__Task__
Output exactly the lines below, starting with the line that has "THE 150-ROOM historic" and going on through the line that has "ぽぬぞぬのグラデーション　レインボー　LGBT Clear Smartphone", both included, and no other lines.

__Listed entries__
-- Opening Marker --

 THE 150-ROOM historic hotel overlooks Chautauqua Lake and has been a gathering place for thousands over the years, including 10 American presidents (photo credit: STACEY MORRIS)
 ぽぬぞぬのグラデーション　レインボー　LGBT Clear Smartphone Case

-- Closing Marker --
-- Opening Marker --

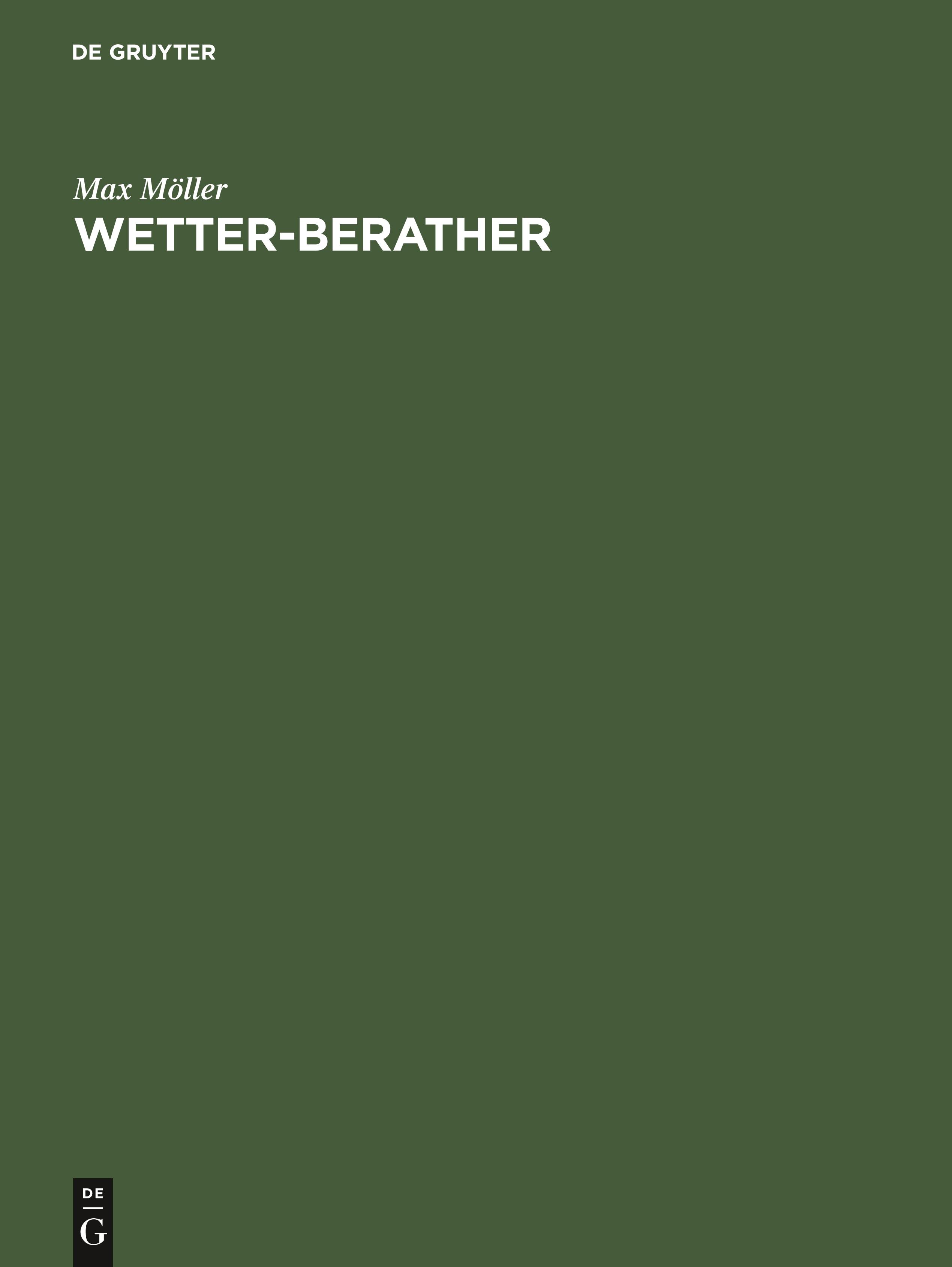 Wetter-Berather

-- Closing Marker --

__Answer space__
 THE 150-ROOM historic hotel overlooks Chautauqua Lake and has been a gathering place for thousands over the years, including 10 American presidents (photo credit: STACEY MORRIS)
 ぽぬぞぬのグラデーション　レインボー　LGBT Clear Smartphone Case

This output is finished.